◆ Problem to solve ◆
Look below for the line with "A young engineer". Retype it and every line after it to the end, exactly, but leave out the pictures.

◆ Dataset section ◆
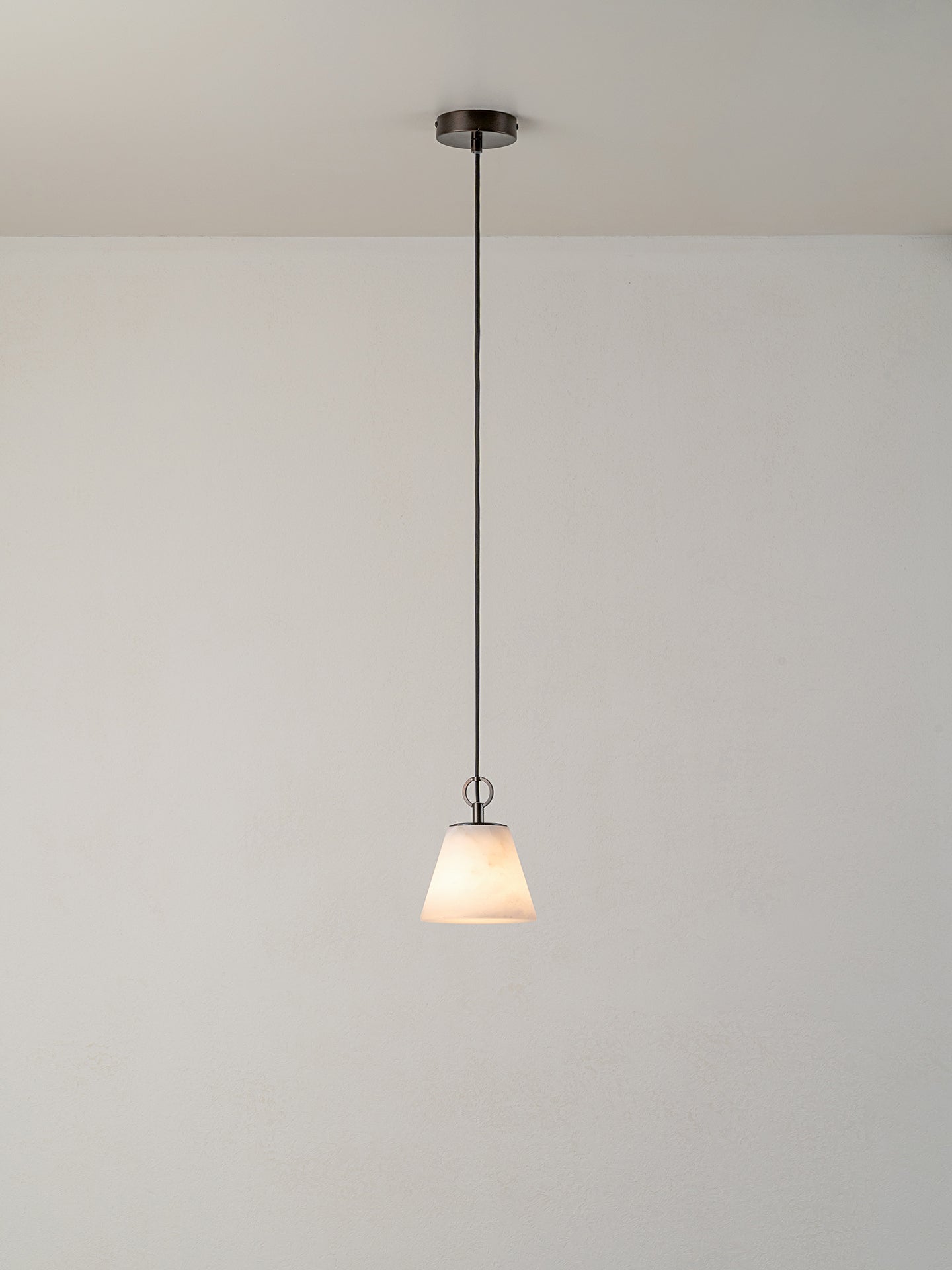 A modern pendant light with a white tapered glass shade and a dark metal canopy and cord, suspended against a plain white wall and ceiling.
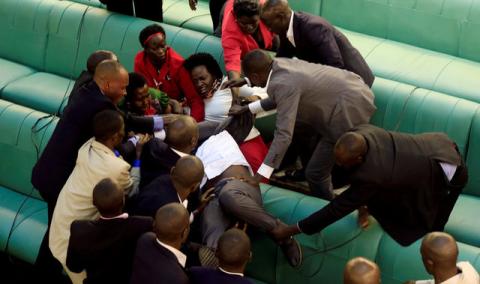 Ugandan opposition lawmakers fight with plain-clothes security personnel in the parliament while protesting a proposed age limit amendment bill debate to change the constitution for the extension of the president's rule, in Kampala, Uganda, September 27, 2017. PHOTO BY REUTERS/James Akena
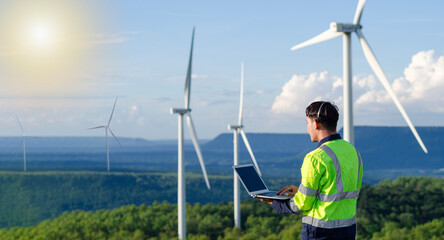 A young engineer is monitoring and inspecting a wind turbine in the field using a digital tablet,...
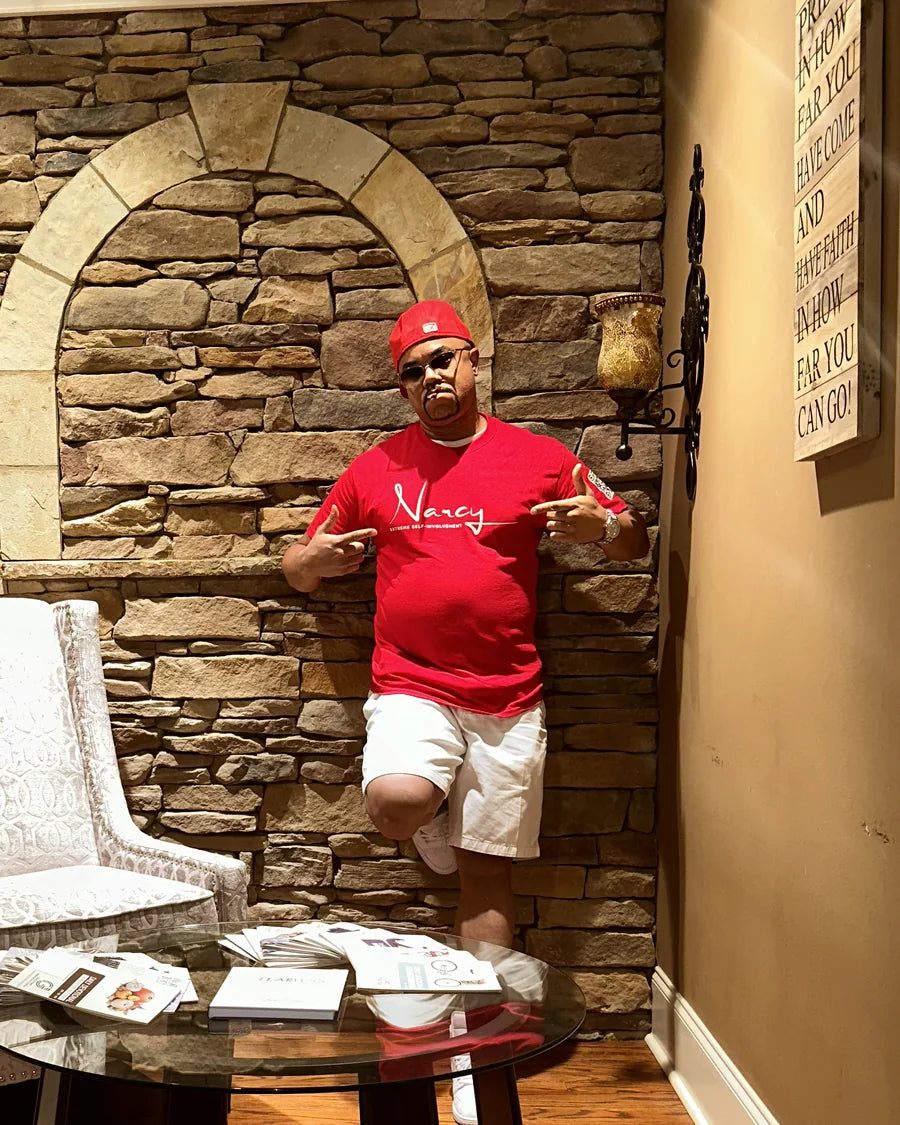 Adult man in a red Narcy wordmark T-shirt posing in an interior editorial scene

◆ Answer to the exercise ◆
 A young engineer is monitoring and inspecting a wind turbine in the field using a digital tablet,...
 Adult man in a red Narcy wordmark T-shirt posing in an interior editorial scene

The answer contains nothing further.